Comments on Rejection

I had a rejection email a couple of days ago, which was quite good as it had several notes with it. In general it gives me plenty of information about what the editor is thinking, though actual “improvements” are not quite so plentiful. I will act on the suggestions, as they took time and effort to produce, but like several other of my published pieces, I will also write the one i want to write and try again. Poems are, after all, only words and, as I have said before, I have plenty of words to write another one. It’s not like every poem published depletes the stock of words for the rest of us.

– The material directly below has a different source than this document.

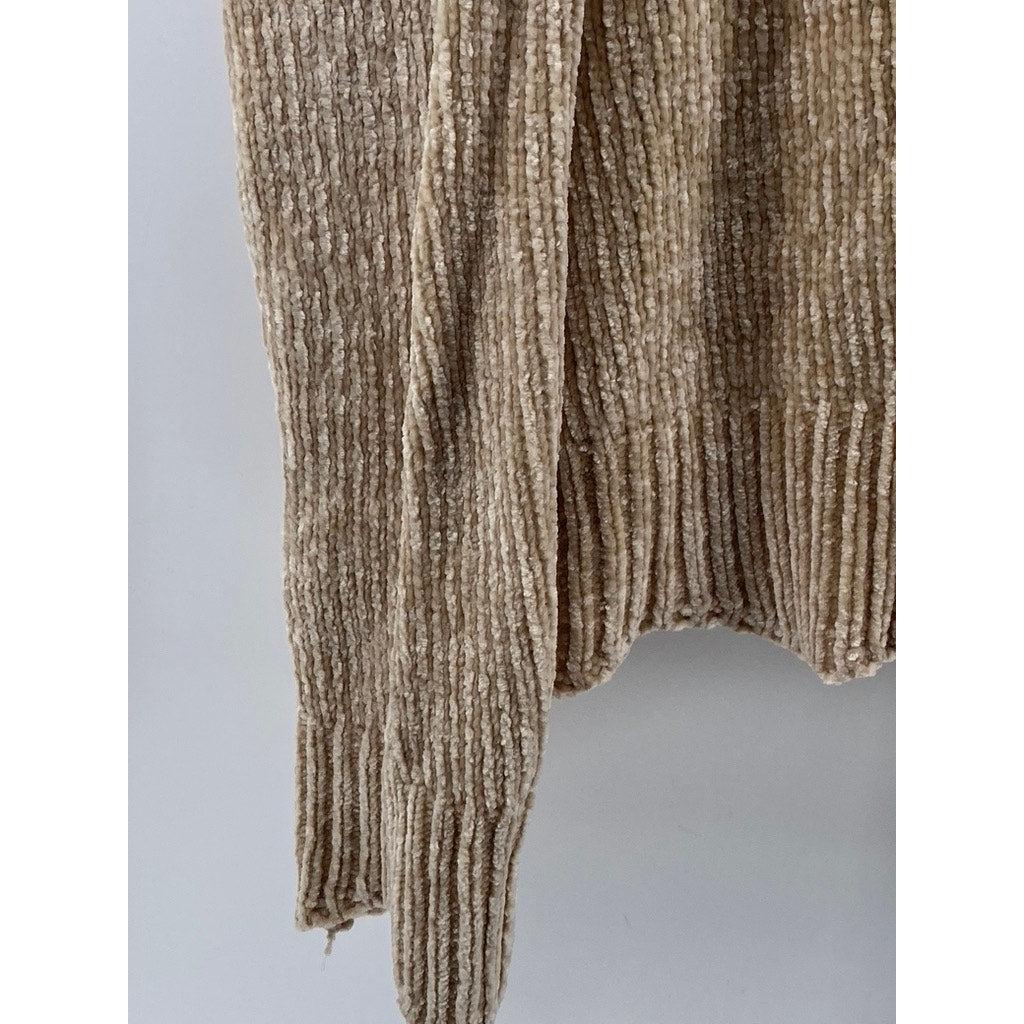 AQUA Women's Tan Ribbed Crewneck Soft Knit Pullover Sweater SZ M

The three main points are that I should show, not tell. Last time I sent something to that magazine the comment was that I should have shown the house being built. There was, in the entire poem, no mention of a house being built, and in real life no house was built. The editor imagined it as a result of the poem. This is both good and bad, and after reading up I found that telling is sometimes necessary. It’s one of those things you find when you have contact with editors – inconsistency, grey areas and matters of opinion. Usually, I tell too much and gradually edit it out as I condense the poem. However, this can take months and I wrote the poem in question in three days. The problem wasn’t so much telling not showing – it was rushing things and  not editing properly. I’ll hold my hand up to that one.

Then there was the question of certain phrases and whether they were “poetic” or necessary. One of them was a metaphor that linked with other things in the poem, but that wasn’t noted. I’m obviously too subtle. Another was a phrase that most of you would have recognise a my speaking voice. I tend to write as I speak and I don’t always sound like Shelly or Frost. This irks me slightly a it’s like I’m being edited out of my own poems. It’s happened with others too, so this isn’t unusual.

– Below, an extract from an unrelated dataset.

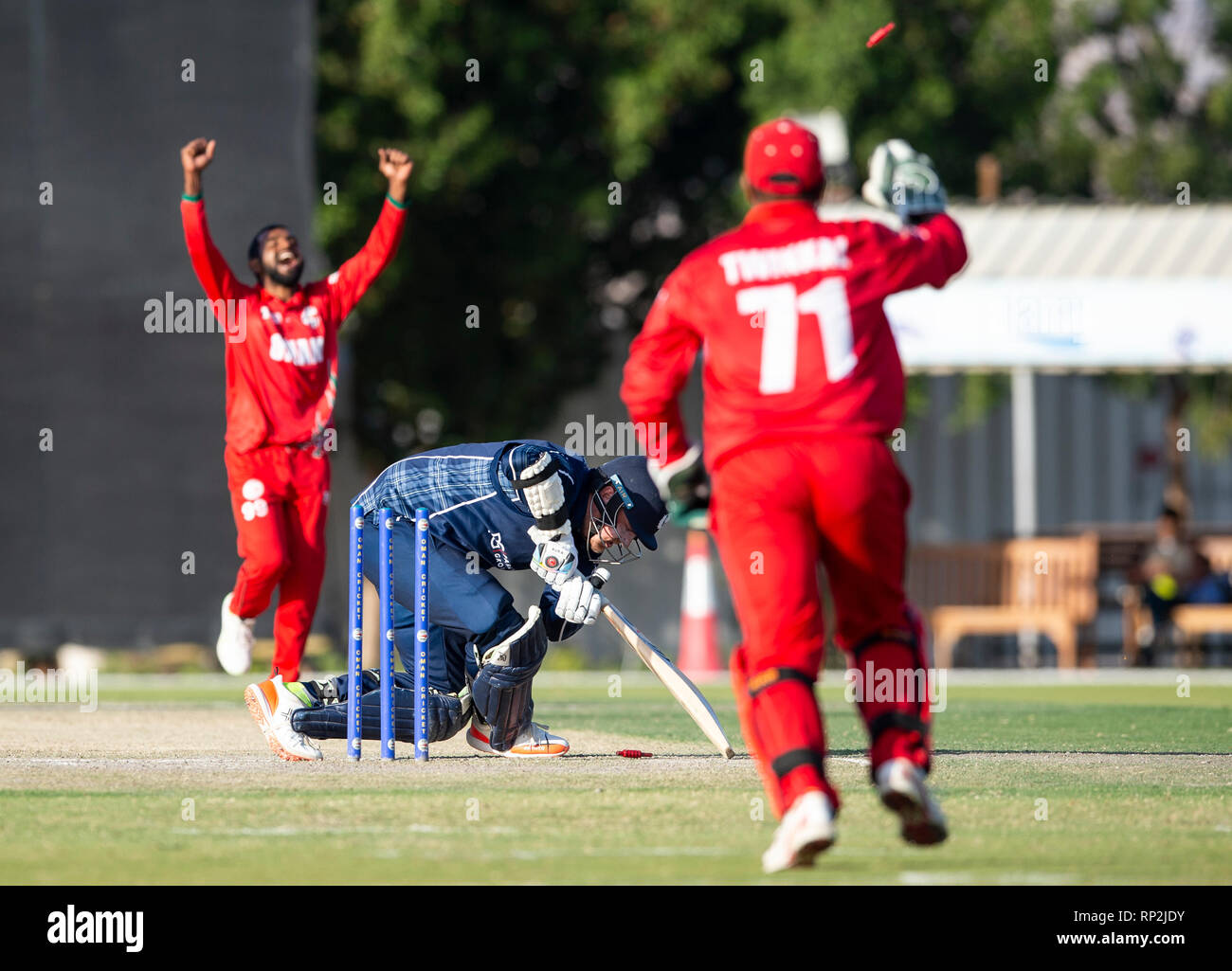 Muscat, Oman. 20th Feb, 2019. Pic shows: Scotland's Mark Watt clean bowled by Oman's Muhammad Nadeem as Oman comprehensively beat Scotland by 93 runs to tie the 3 match 50 over series. Credit: Ian Jacobs/Alamy Live News Stock Photo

Finally, the suggestions seem to have reduced the poem to a short paragraph with a tanka at each side. Whether this is by accident or not, I’m not clear. Over the years haibun have become shorter. I presume the same is true for tanka prose, though I admit I didn’t pay much attention to them until I started to write them. It seems to be a particularly American thing – a few lines of prose and a quick poem, usually with a tangential connection to the prose, referred to as “link and shift“. What they don’t tell you is that there are other ways of connecting the two elements.

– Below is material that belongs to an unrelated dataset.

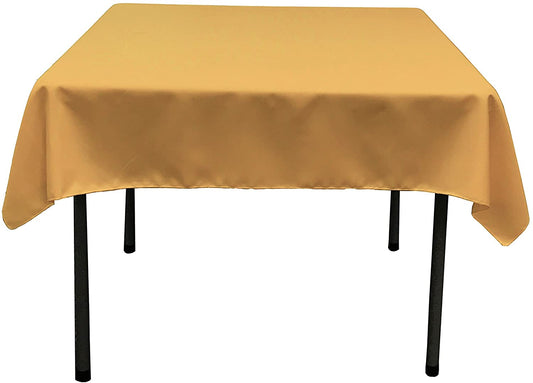 Polyester Poplin Washable Square Tablecloth, Stain and Wrinkle Resistant Table Cover Gold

I will stop there, lest I go on to explore other areas where editors may have blind spots dictated by fashion. I’m very close to 500 words now, which is a long post on a subject that is mainly of interest only to me.

My Orange Parker Pen

The Abandoned Haibun

A poem is never finished, only abandoned.
PAUL VALERY

This is the post that gave me the thoughts and the photographs for the haibun I recently provided the link to.

It was originally about the passing of the old families and the way the houses have become country parks and similar things. The editor preferred it as a haibun about a place, and I preferred to be published, so it’s now shorter and it’s about a pond. It is more in the haiku tradition in this form, stressing nature and lightness, where the original was less light and more about humans.

However, they were only words and there are plenty more where they came from. I am already at work on a new version of the original piece, which will be back, and will feature a lake when it next appears. It will also be longer, though It will probably remain unpublishable It will live again in  hope if not in print. I was going to make a clever point about haibun, matter and anti-matter at this point but I googled “matter” to check my accuracy and now realise I’m a lot less clever than I thought. Same goes for my witty linking of quark the particle and quark the cheese – I didn’t realise that cheese could be so complicated. I’ve given it up as a bad job.

Sometimes you have to know when enough is enough. It is probably better to leave you with a vision of purple rhododendrons and thoughts of voles, than it is to make a bad joke about cheese.

In the haiku, I note the mention of history is slightly discordant now that the main focus has moved away from. If I’d thought about it longer I may well have altered that too.

As the opening quote suggests, we just keep working on things until we decide to leave them. Time to leave this one and move on to the next imperfect work.